Google used I/O Connect India 2026 in Bengaluru to widen its India AI programme across enterprise deployment, education, healthcare, cybersecurity and Indic-language access, moving beyond model announcements into infrastructure and adoption pathways for developers, companies and public-sector organisations.
The most significant enterprise update is the availability of Gemini on Google Distributed Cloud from within Indian data centres. The setup is designed for regulated industries and public-sector organisations that need generative AI capabilities while keeping prompts, model weights and outputs inside their own perimeter. Google also said Gemini 3.5 Flash will be available to Indian enterprises and startups through its Gemini Enterprise Agent Platform and Gemini Enterprise app with strict in-country machine-learning processing commitments.

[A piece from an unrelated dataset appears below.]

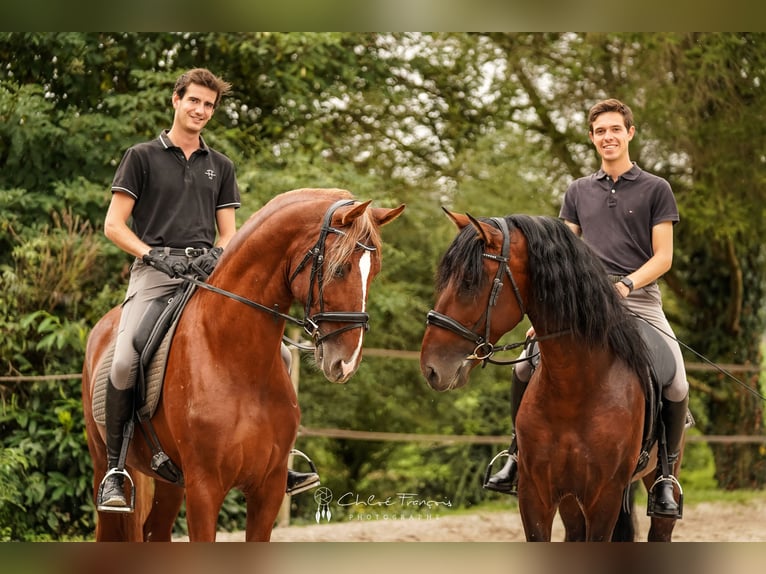 PRE Hingst 4 år 175 cm in Beauvechain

The education track includes Google DeepMind’s AI Research Foundations curriculum, a free 56-hour programme intended to help learners build and fine-tune large language models. IISc Bengaluru has begun incorporating the curriculum, while NASSCOM will make it available through FutureSkills Prime. Google said the programme has crossed 38,000 global enrolments. It is also launching ATL Saathi, a Gemini-powered assistant for teachers in Atal Tinkering Labs. The tool will start with 100 schools this year and is intended to scale toward 10,000 schools.
Healthcare was another major pillar. AIIMS researchers are expanding work with Google’s MedGemma open models to build India-specific models for leprosy and sexual and reproductive health. These models are expected to use image and text inputs and be made available to the Indian developer ecosystem. The company also said the National Health Authority recently used Gemma 4 and Google’s open-sourced Medical Data Toolkit to build Aarogya Setu 2.0.
On language access, Gemini Live is expanding to more than 25 Indian languages and dialects, including Sanskrit, Bhojpuri and Maithili. Google also highlighted Project Vaani, its collaboration with IISc Bengaluru, which has open-sourced speech and image datasets covering 109 Indic languages.
Google’s India AI push is being framed around enterprise-grade deployment and local controls rather than only consumer tools. The company is trying to combine cloud sovereignty, developer training, school-level experimentation, public-health models and Indic-language support into one adoption stack for the Indian market.